Prerequisites: RUCD 101 and RUCD 140 for UCD students. (RUCD 101 for all others.)

Surveys, when done well, are a valuable part of the UX and market research toolkit. This course will cover the entire survey design and analysis process, including writing effective questions, pre-testing, data collection strategies, and reporting. In addition to designing and fielding their own survey, students will learn when and how to utilize specialized questionnaires such as the Net Promoter Score and System Usability Scale. Relevant statistical concepts related to sampling and data analysis (e.g., margin of error and confidence intervals) will be introduced in a manner accessible to students with no previous knowledge of statistics. Lastly, surveys will be placed in their proper context of a mixed methods research strategy.

In this course students will learn the strategies for effective leadership of design teams and processes, particularly from an institutional/business perspective. Operational topics include: building effective teams; project management; cost analysis; and resource allocation. Leadership components include methods of leadership within the contexts of conception, design, implementation; and operational leadership for products, processes and systems.

The goal of universal design is to build products and interfaces that are usable and accessible to everyone, not just a small subset of normative or ‘average’ users. This course will provide an introduction to universal design for digital and physical accessibility. Students will gain an understanding of the range of physical, cognitive, contextual, and social disabilities that challenge technology users, and how inclusive design benefits everyone. Topics covered include accessibility guidelines, assistive technologies, plain language, and legal and ethical considerations.

This seminar-style course is intended to bring together all of the prior knowledge and skills that the student has obtained. Students will work independently or in small teams to produce a prototype of a product or system. The process will be an iterative, semester-long project in which students (or small teams of students) will identify the purpose of the design; construct a set of wireframe documentation with justification for the design, capturing the up-front intentions behind the user experience; and mockup and/or prototype the UX with subsequent user testing that leads to a final prototype. With the exception of the final prototype, each part of the process will include peer reviews. A final presentation of the product will be the culminating activity, and will receive feedback from a program-curated group of industry experts.

The field of user-centered design is continually evolving. New technologies and research into human factors are continually introduced and evolving. This course facilitates the introduction of cutting-edge practices and technologies as they are introduced in the industry.
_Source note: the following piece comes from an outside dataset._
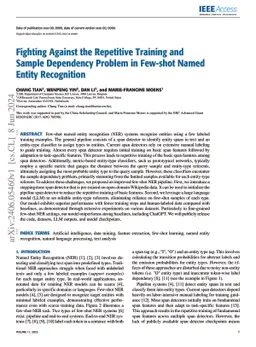 Fighting Against the Repetitive Training and Sample Dependency Problem
  in Few-shot Named Entity Recognition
The Internship course provides students with an opportunity to learn and gain hands-on experience related to their individual career goals and/or field of study. There are many benefits in pursuing an internship, including valuable workplace experience, learning from professionals, meeting new contacts, and testing your "fit" in a field.
UX internships offer students the opportunity to apply the design and research skills they have mastered through UCD coursework. Students are responsible for securing the internship and the support of a site supervisor with a UX background who is willing to commit to actively mentoring them throughout the session. The internship has to have a specific focus on one or more aspects of user experience or an adjacent field (user research, UX design, service design, etc.). Students cannot earn internship credit through their current position/employer. Students must work at least 100 hours at the internship site, and complete a portfolio piece, reflection paper or case study based on their experience.
Students are limited to completing one internship for graduate credit as part of their Master’s degree. Internships must be secured by the student and approved by the chair at least 45 days prior to the start of the session. The internship must include a supervisor to whom you report for your work at the company or organization.